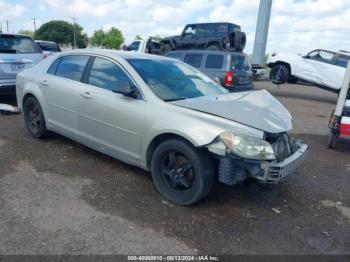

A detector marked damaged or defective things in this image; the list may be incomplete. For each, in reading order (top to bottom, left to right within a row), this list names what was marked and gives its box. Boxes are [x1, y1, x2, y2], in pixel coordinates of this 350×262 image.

damaged vehicle in background [268, 49, 350, 92]
damaged vehicle in background [16, 49, 306, 205]
crumpled hood [172, 90, 292, 133]
cracked headlight [220, 132, 274, 161]
damaged front end [206, 132, 308, 185]
broken front bumper [258, 142, 306, 183]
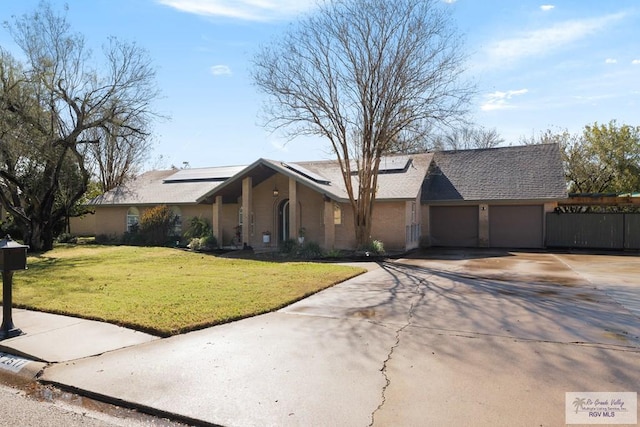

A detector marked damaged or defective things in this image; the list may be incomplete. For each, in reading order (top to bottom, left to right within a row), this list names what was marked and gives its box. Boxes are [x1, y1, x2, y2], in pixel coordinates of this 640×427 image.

--- What is needed ---
Print the complete listing exactly as it stands, without its pictures.

--- Worked solution ---
A detector marked damaged or defective things in this image; the list may be incomplete. For each, in reading order (top to bottom, left to right within a row), this list names what was marked and gives its box. Boxes are [x1, y1, x2, y2], in pixel coordinates of this 350×262 image.

damaged vehicle in background [268, 49, 350, 92]
damaged vehicle in background [16, 49, 306, 205]
crumpled hood [172, 90, 292, 133]
cracked headlight [220, 132, 274, 161]
damaged front end [206, 132, 308, 185]
broken front bumper [258, 142, 306, 183]

A detector marked damaged or defective things in this image; the list may be incomplete. For each, in reading order (top to bottom, left to right within a row), this list names what was marked and gives its box. Boxes are [x1, y1, x2, y2], in pixel coordinates of this 640×427 image.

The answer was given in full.